When Charlie Sifford was young, he met Jackie Robinson, who broke the Major League Baseball race barrier. Sifford recounted in his autobiography, “Just Let Me Play,” that Robinson “asked me if I was a quitter, I told him no. He said, ‘If you’re not a quitter, you’re probably going to experience some things that will make you want to quit.’”
Sifford did not quit. He endured the hatred and went on to become the first Black on the PGA Tour.
At 92, Sifford died Tuesday night after a stroke outside of Cleveland. He leaves behind a legacy of determination, talent and perseverance.
Known for playing with a cigar in his mouth, Sifford won six National Negro Opens before successfully challenging the PGA’s “Caucasian only” rule—despite harassment and death threats—in 1960. He won his first PGA title in 1967 and another in 1969.
“By his courage, Dr. Sifford inspired others to follow their dreams. The PGA of America extends its thoughts and prayers to Dr. Sifford’s family. Golf was fortunate to have had this exceptional American in our midst,” said PGA of America President Derek Sprague.
Tiger Woods, the only Black on the PGA Tour, has credited Sifford and others for paving the way for his place in professional golf.

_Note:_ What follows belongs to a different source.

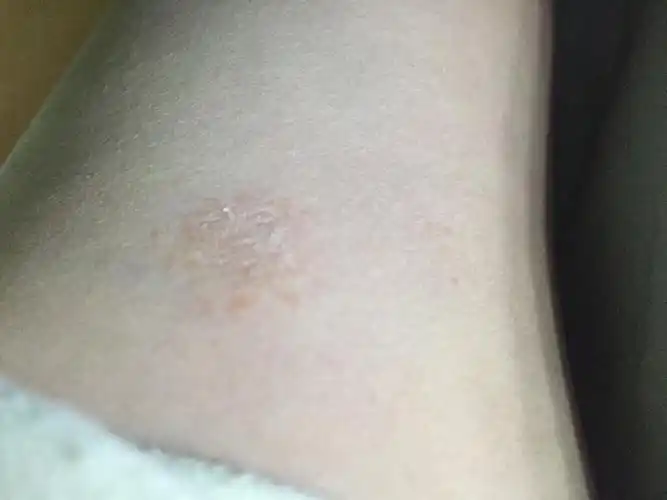 手臂上出现一块发皱红色的小块.不痛不痒.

In November, Sifford received the Presidential Medal of Freedom from President Barack Obama, joining Jack Nicklaus and Arnold Palmer as the only golfers to receive the highest honor for an American civilian.
“Charles Sifford is not only a world-class athlete, he is a civil rights leader who risked his safety for what is right,” U.S. Sen. Sherrod Brown (D-Ohio) said. “Despite discrimination and threats of violence, Mr. Sifford broke barriers and laid important groundwork for future generations. He has earned this great honor.”
Sifford was born in Charlotte in 1922. In 2004, he was inducted into the World Golf Hall of Fame.